2017年5月6日土曜日

ラ・フォル・ジュルネ・オ・ジャポン2017 ③

ラ・フォル・ジュルネ・オ・ジャポン2017』3日目の最終日、有料公演は3つ聴きに行きました。

■公演番号:364 
G409(ヌレエフ
15:15~16:00
梁美沙(ヴァイオリン)
広瀬悦子(ピアノ)
シューベルトヴァイオリンとピアノのためのソナチネ第3番 ト短調 D.408
モーツァルトヴァイオリンソナタ第21番 ホ短調 K.304
ストラヴィンスキーイタリア組曲(バレエ「プルチネルラ」から)

初日の無伴奏(ソロ)、2日目の弦楽アンサンブル、3日目はピアノとデュオ、と3形態の梁美沙さんの演奏を聴きました。
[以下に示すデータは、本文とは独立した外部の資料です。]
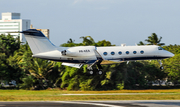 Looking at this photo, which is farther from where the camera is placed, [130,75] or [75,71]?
[130,75]

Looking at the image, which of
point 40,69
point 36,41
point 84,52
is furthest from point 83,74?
point 36,41

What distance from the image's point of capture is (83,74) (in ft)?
214

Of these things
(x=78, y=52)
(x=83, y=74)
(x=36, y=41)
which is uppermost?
(x=36, y=41)

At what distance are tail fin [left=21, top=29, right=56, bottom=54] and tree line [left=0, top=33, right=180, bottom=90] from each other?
23.7 metres

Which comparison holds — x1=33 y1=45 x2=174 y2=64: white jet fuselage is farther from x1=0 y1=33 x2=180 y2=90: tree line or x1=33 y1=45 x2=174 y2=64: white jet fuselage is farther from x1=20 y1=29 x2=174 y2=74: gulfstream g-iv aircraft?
x1=0 y1=33 x2=180 y2=90: tree line

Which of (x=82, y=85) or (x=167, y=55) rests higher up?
(x=167, y=55)

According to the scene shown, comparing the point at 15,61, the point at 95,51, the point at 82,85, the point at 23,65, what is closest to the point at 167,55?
the point at 95,51

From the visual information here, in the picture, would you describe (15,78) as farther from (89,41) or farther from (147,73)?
(147,73)

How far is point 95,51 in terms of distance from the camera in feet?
128

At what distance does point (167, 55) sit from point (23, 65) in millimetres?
40629

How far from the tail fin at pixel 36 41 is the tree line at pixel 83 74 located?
77.6ft

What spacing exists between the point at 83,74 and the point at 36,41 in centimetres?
2713

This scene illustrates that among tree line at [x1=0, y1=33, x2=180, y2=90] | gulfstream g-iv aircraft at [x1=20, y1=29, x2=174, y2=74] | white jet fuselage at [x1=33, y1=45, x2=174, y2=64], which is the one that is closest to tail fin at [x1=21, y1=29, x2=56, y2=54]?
gulfstream g-iv aircraft at [x1=20, y1=29, x2=174, y2=74]

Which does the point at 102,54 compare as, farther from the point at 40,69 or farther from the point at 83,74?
the point at 40,69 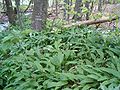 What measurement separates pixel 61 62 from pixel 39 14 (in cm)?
267

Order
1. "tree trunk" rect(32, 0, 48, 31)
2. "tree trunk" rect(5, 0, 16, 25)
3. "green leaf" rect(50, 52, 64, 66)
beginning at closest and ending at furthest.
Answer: "green leaf" rect(50, 52, 64, 66), "tree trunk" rect(32, 0, 48, 31), "tree trunk" rect(5, 0, 16, 25)

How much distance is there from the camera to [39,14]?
6660 millimetres

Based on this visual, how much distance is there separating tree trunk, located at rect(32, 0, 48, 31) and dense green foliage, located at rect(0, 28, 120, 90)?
753 millimetres

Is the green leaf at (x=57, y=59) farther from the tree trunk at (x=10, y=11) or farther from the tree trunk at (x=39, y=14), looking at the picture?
the tree trunk at (x=10, y=11)

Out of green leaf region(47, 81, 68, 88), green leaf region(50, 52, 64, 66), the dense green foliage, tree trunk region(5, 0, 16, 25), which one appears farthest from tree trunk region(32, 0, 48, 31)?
green leaf region(47, 81, 68, 88)

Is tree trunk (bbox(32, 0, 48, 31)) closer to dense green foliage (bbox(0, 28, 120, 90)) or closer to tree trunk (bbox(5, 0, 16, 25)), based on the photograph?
dense green foliage (bbox(0, 28, 120, 90))

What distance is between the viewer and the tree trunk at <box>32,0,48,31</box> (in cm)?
658

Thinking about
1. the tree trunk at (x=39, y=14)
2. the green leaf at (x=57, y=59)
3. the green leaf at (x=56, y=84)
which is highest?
the tree trunk at (x=39, y=14)

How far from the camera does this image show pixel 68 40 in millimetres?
5480

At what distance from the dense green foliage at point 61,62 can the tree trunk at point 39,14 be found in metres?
0.75

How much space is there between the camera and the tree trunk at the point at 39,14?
6577mm

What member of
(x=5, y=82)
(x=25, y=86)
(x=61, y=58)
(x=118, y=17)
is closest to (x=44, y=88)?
(x=25, y=86)

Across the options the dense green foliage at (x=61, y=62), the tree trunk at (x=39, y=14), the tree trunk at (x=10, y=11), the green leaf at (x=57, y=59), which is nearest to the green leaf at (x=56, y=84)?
the dense green foliage at (x=61, y=62)

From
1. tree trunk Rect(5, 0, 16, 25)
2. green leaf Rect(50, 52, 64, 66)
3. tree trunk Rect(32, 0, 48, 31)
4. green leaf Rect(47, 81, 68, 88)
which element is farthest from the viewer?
tree trunk Rect(5, 0, 16, 25) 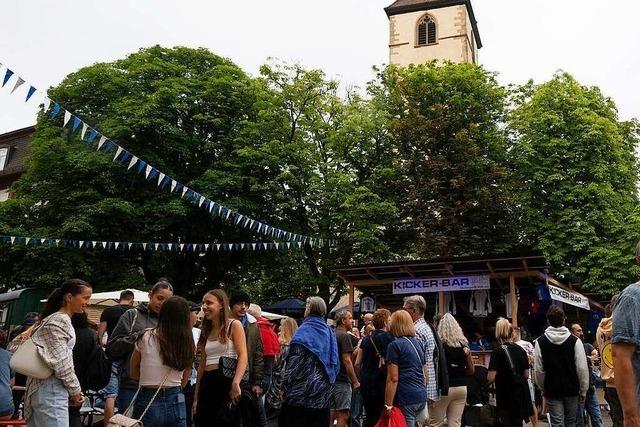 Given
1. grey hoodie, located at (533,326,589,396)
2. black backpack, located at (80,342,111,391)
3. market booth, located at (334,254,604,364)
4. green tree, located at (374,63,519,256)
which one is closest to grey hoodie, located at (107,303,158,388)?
black backpack, located at (80,342,111,391)

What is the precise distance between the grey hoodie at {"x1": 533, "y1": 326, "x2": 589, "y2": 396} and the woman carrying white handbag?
4.91 metres

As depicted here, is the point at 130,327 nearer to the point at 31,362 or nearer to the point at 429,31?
the point at 31,362

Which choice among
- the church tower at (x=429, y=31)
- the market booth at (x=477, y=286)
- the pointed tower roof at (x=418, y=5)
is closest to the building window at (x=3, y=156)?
the church tower at (x=429, y=31)

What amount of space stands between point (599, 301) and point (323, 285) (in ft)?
38.1

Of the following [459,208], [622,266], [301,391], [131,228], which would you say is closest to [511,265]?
[459,208]

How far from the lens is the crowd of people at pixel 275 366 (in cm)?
457

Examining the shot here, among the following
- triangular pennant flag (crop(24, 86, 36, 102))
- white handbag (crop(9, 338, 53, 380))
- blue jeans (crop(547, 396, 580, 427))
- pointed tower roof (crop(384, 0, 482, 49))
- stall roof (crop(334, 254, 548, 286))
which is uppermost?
pointed tower roof (crop(384, 0, 482, 49))

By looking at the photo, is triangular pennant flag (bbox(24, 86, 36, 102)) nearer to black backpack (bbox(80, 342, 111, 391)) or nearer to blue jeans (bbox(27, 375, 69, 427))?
black backpack (bbox(80, 342, 111, 391))

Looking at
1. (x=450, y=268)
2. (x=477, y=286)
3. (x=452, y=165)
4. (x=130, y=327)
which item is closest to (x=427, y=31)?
(x=452, y=165)

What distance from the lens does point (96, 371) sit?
5574 millimetres

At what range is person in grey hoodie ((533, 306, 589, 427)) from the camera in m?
6.80

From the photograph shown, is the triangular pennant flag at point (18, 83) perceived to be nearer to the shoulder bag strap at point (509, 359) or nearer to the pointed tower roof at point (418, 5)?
the shoulder bag strap at point (509, 359)

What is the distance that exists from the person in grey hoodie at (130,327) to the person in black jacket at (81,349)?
0.21 m

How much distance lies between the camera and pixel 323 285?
25.5m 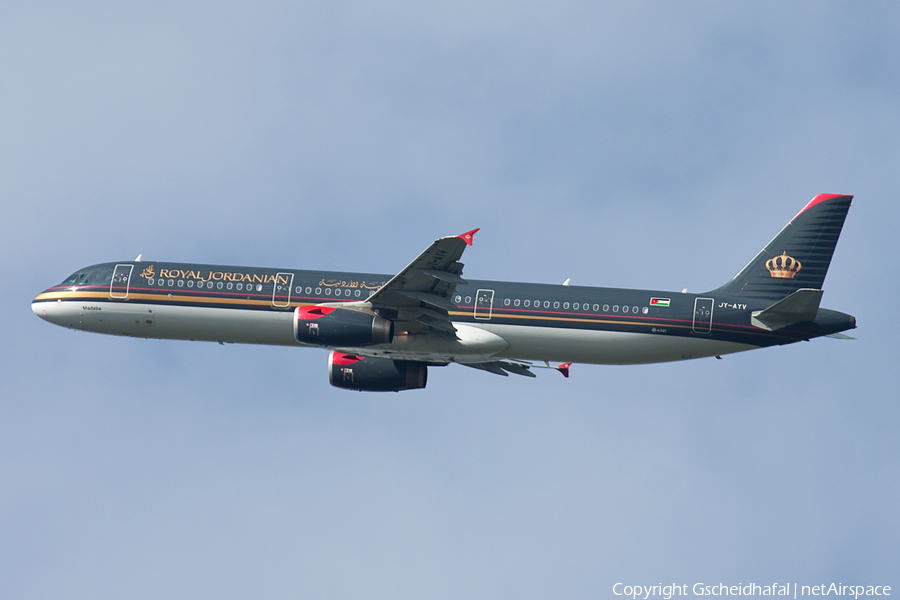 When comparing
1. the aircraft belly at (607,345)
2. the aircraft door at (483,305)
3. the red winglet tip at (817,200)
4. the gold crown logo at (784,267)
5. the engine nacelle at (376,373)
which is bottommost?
the engine nacelle at (376,373)

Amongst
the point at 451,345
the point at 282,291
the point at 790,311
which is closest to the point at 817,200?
the point at 790,311

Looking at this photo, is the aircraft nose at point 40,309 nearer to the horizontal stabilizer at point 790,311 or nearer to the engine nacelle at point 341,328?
the engine nacelle at point 341,328

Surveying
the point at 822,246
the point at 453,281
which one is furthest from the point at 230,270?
the point at 822,246

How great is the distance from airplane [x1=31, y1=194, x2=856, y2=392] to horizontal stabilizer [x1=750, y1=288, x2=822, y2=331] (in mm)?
56

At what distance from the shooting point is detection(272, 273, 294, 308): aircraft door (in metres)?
50.7

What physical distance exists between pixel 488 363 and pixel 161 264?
57.1 feet

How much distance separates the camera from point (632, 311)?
4906 centimetres

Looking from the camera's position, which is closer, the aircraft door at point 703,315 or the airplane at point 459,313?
the airplane at point 459,313

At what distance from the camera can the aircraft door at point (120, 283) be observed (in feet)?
172

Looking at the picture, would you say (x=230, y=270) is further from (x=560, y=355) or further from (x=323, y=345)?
(x=560, y=355)

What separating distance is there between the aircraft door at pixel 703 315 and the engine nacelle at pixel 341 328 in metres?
14.2

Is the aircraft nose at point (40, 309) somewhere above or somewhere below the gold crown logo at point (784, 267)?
below

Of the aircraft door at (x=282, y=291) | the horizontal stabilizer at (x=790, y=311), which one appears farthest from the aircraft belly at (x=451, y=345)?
the horizontal stabilizer at (x=790, y=311)

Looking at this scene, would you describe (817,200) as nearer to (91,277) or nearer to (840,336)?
(840,336) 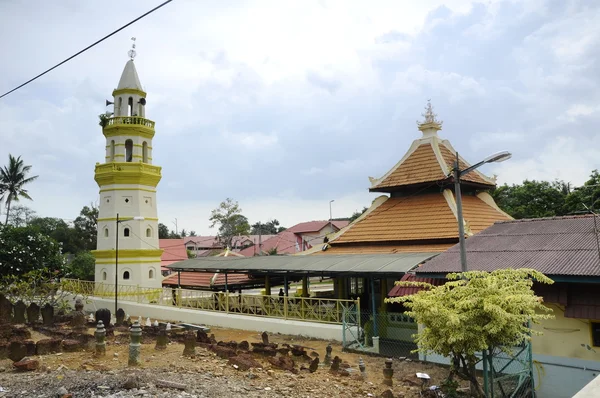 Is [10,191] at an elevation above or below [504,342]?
above

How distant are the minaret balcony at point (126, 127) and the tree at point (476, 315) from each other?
24.4 metres

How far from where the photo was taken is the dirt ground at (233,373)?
390 inches

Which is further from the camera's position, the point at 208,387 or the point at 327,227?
the point at 327,227

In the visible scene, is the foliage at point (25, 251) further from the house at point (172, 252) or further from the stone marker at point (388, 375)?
the stone marker at point (388, 375)

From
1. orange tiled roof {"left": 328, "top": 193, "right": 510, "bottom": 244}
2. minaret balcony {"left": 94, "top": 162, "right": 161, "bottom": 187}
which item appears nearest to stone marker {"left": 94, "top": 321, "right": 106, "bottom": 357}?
orange tiled roof {"left": 328, "top": 193, "right": 510, "bottom": 244}

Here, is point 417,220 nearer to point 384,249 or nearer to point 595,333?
point 384,249

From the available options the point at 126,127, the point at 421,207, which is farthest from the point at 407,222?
the point at 126,127

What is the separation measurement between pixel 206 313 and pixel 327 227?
2078 inches

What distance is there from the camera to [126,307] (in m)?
26.2

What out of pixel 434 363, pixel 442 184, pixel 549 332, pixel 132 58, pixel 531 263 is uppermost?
pixel 132 58

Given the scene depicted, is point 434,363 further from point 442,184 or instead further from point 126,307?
point 126,307

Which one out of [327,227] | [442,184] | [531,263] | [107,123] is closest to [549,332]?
[531,263]

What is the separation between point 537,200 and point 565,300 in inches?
1065

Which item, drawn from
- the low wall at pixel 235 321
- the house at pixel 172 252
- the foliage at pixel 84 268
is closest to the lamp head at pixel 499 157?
the low wall at pixel 235 321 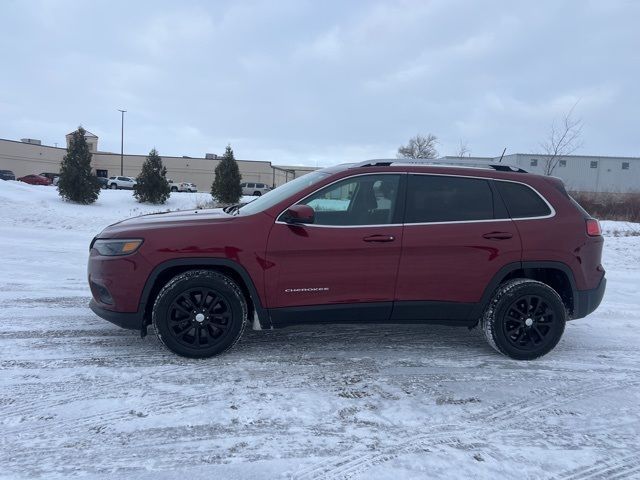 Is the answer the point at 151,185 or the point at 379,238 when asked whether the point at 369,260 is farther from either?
the point at 151,185

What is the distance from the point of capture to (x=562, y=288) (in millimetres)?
4469

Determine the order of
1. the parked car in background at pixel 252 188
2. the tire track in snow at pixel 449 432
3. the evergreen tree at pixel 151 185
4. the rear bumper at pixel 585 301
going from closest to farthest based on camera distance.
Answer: the tire track in snow at pixel 449 432 → the rear bumper at pixel 585 301 → the evergreen tree at pixel 151 185 → the parked car in background at pixel 252 188

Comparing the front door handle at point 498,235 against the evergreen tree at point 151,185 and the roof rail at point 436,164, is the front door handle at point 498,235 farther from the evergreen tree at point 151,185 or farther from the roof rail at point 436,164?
the evergreen tree at point 151,185

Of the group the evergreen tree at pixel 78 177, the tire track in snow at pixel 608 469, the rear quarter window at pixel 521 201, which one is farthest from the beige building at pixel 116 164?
the tire track in snow at pixel 608 469

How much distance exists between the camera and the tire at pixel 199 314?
3.93 metres

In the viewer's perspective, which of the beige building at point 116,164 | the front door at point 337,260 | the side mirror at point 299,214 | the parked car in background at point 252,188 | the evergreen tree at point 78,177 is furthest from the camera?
the beige building at point 116,164

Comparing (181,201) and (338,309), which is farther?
(181,201)

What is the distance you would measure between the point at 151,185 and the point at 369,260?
A: 23.2 meters

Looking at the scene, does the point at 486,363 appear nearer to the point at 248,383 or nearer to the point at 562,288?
the point at 562,288

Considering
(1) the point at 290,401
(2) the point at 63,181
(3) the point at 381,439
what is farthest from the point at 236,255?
(2) the point at 63,181

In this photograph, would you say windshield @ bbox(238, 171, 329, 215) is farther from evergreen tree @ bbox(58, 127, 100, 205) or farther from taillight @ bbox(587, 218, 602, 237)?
evergreen tree @ bbox(58, 127, 100, 205)

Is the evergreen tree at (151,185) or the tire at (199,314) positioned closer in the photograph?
the tire at (199,314)

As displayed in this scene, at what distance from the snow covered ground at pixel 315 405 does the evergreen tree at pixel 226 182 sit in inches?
832

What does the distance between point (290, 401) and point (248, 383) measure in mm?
425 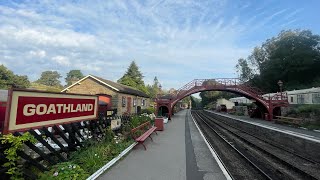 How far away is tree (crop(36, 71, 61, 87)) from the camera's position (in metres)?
144

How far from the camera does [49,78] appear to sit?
146 m

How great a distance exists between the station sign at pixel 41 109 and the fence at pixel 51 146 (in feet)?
0.90

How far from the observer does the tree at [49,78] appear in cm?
14394

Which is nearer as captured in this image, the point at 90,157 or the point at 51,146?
the point at 51,146

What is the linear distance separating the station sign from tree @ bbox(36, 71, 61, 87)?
142442 millimetres

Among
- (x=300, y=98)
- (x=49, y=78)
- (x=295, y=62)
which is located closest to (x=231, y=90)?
(x=300, y=98)

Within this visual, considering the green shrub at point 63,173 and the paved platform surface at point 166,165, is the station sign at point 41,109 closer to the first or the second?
the green shrub at point 63,173

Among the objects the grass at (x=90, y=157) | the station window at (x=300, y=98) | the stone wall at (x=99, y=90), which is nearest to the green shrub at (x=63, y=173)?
the grass at (x=90, y=157)

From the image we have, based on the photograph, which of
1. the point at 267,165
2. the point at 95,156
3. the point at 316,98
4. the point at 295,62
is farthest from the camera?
the point at 295,62

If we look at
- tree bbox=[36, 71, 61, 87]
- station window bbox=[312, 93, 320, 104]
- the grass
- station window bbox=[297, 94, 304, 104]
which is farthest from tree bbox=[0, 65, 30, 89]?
tree bbox=[36, 71, 61, 87]

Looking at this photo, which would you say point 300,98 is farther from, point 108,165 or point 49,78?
point 49,78

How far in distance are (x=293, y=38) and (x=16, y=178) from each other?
227 ft

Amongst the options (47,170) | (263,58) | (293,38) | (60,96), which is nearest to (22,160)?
(47,170)

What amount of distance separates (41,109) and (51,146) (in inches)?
66.2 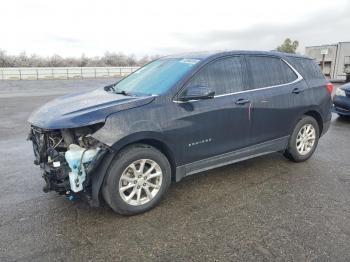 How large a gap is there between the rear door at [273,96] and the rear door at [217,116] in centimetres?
19

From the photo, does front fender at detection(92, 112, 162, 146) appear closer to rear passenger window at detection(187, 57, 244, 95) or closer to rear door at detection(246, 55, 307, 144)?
rear passenger window at detection(187, 57, 244, 95)

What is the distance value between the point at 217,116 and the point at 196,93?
494mm

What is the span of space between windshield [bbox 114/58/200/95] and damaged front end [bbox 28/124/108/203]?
38.2 inches

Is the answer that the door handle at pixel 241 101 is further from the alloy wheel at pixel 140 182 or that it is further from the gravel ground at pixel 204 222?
the alloy wheel at pixel 140 182

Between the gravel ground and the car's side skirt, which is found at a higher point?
the car's side skirt

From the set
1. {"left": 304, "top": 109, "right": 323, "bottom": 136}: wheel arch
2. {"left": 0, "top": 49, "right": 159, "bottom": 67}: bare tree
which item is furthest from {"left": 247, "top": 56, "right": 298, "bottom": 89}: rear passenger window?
{"left": 0, "top": 49, "right": 159, "bottom": 67}: bare tree

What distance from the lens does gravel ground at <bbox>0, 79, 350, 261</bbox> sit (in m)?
2.83

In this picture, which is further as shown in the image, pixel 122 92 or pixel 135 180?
pixel 122 92

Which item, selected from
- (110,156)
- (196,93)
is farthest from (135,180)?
(196,93)

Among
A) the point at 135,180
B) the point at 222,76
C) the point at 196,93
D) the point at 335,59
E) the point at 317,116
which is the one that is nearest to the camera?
the point at 135,180

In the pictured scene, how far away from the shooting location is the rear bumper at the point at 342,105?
844 cm

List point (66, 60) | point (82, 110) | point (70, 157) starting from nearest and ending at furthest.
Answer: point (70, 157) < point (82, 110) < point (66, 60)

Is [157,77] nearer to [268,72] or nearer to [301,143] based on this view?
[268,72]

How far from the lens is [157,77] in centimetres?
411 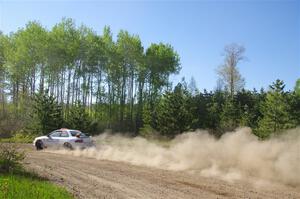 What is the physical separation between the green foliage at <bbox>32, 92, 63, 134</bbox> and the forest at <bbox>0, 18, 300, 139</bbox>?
0.11 meters

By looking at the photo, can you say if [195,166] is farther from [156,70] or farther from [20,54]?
[156,70]

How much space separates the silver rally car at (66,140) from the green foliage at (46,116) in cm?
1591

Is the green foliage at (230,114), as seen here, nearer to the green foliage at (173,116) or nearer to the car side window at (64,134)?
the green foliage at (173,116)

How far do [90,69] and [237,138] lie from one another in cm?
4665

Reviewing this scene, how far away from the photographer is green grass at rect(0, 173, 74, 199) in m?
9.79

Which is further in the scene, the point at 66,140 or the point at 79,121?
Answer: the point at 79,121

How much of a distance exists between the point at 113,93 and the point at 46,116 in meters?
24.6

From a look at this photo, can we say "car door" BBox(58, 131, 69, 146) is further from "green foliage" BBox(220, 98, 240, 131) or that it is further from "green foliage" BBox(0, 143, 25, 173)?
"green foliage" BBox(220, 98, 240, 131)

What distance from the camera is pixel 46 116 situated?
43.8 m

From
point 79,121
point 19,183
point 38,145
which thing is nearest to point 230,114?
point 79,121

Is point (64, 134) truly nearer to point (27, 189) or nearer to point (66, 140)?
point (66, 140)

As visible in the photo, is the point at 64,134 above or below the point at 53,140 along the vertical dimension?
above

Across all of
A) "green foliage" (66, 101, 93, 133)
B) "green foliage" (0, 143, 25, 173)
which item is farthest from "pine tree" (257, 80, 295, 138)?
"green foliage" (0, 143, 25, 173)

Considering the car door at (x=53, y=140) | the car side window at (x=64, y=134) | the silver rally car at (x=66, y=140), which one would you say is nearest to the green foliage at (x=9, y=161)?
the silver rally car at (x=66, y=140) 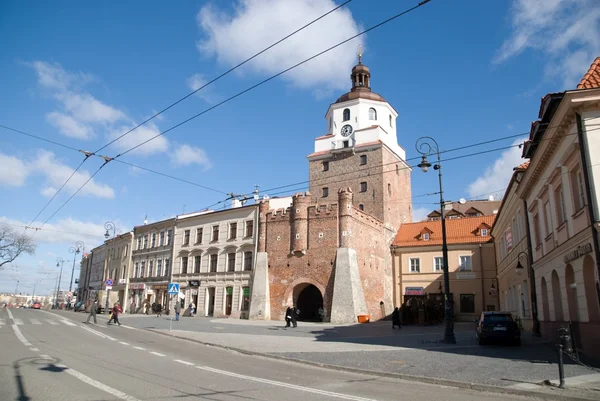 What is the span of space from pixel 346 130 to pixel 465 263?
1820 cm

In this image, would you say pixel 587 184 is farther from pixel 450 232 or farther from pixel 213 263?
pixel 213 263

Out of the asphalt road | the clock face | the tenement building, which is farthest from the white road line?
the clock face

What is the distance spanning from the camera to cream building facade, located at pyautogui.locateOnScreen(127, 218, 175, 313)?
4855 centimetres

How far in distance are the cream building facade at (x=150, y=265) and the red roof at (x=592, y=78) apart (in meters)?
41.1

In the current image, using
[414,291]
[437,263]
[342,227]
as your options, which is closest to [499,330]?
[342,227]

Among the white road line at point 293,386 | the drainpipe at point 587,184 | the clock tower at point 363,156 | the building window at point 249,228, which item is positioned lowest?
the white road line at point 293,386

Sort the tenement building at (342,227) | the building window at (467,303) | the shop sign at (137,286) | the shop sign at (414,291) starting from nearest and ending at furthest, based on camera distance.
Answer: the tenement building at (342,227), the building window at (467,303), the shop sign at (414,291), the shop sign at (137,286)

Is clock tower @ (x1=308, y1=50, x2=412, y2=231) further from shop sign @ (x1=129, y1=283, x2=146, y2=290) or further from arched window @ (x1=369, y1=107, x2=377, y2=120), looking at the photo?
shop sign @ (x1=129, y1=283, x2=146, y2=290)

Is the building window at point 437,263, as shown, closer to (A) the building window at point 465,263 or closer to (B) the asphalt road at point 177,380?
(A) the building window at point 465,263

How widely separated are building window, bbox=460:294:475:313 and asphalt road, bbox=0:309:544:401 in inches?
1308

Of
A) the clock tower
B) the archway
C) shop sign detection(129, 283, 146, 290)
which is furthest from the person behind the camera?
shop sign detection(129, 283, 146, 290)

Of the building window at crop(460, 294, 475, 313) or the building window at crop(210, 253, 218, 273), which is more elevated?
the building window at crop(210, 253, 218, 273)

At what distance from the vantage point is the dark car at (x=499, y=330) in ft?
59.6

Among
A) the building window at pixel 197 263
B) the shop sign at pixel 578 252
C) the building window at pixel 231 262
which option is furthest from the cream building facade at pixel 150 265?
the shop sign at pixel 578 252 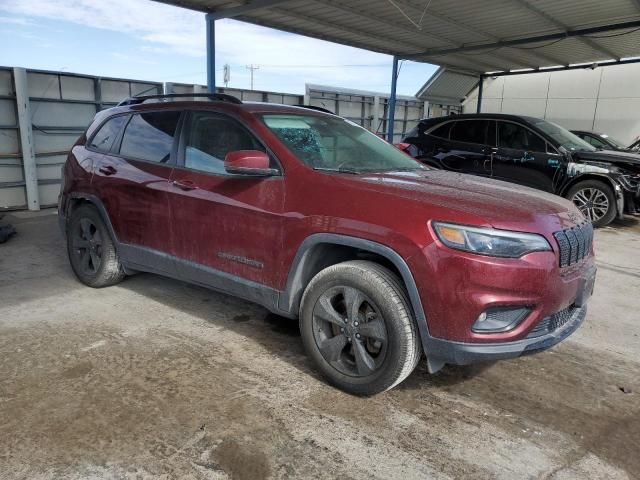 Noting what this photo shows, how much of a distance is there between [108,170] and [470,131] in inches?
257

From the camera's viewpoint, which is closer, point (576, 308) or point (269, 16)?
point (576, 308)

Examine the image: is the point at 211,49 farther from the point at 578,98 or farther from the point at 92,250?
the point at 578,98

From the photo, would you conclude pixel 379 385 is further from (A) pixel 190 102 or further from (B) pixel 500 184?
(A) pixel 190 102

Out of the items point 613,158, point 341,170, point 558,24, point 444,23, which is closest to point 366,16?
point 444,23

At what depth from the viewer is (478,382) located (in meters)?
3.15

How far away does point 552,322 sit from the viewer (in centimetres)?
269

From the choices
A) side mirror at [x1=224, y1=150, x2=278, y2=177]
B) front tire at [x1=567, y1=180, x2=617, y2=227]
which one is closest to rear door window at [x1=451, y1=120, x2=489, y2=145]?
front tire at [x1=567, y1=180, x2=617, y2=227]

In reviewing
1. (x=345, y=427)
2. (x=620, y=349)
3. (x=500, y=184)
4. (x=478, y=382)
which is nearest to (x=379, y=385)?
(x=345, y=427)

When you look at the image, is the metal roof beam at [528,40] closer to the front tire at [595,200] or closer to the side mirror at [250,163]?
the front tire at [595,200]

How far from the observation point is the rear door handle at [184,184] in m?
3.57

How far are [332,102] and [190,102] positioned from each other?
11.1 meters

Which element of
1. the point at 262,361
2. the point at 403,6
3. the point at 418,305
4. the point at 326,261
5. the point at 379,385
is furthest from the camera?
the point at 403,6

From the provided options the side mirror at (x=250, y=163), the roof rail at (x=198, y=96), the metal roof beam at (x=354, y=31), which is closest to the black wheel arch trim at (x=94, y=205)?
the roof rail at (x=198, y=96)

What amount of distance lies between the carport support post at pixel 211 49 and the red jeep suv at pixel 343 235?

シューベルトとモーツァルトは短調の楽曲でしたが、上へ上へとどんどん伸びていくようなヴァイオリンの音色、それにつれて爪先立ちになって演奏する姿を記憶に刻みました。スラヴィンスキーの終盤でアンサンブルが少々乱れたのは3日間で6公演と大活躍の疲れもあったのでしょう。

■公演番号:345 
ホールC(バランシン) 19:00~19:45
パスカル・ロフェ指揮
フランス国立ロワール管弦楽団
ラヴェル古風なメヌエット
ストラヴィンスキー:バレエ「春の祭典」

今回唯一のフルオーケストラプログラムは、典雅な中世の舞曲と見せかけて実はレプリカントなラヴェル(上述のストラヴィンスキーのイタリア組曲と似た位置付け)とアコースティック楽器によるノイズ/インダストリアルの元祖「春の祭典」という攻めのセットリスト。フランス人の指揮でフランスのオケが演奏すると、ロシアのルサンチマンともドイツのコンストラクションとも違う、八方破れな狂気が炙り出されます。

■公演番号:367 
G409(ヌレエフ)
20:45~21:30
ドミトリ・マフチン(ヴァイオリン)
ミゲル・ダ・シルバ(ヴィオラ)
モーツァルト:ヴァイオリンとヴィオラのための二重奏 ト長調 K.423
ヘンデルハルヴォルセン編):パッサカリア

LFJ2017の最終プログラムはヴァイオリンとヴィオラという最小単位弦楽アンサンブルでした。ロシア人とスペイン人のおっさんふたり(でもおそらく年下)。共通点は眼鏡で小太り。わずかにピッチが甘いところがあったものの、それを帳消しにするハイテンションで楽しい演奏でした。もはやこのプログラムのどこがダンスなのかはアレですが(笑)。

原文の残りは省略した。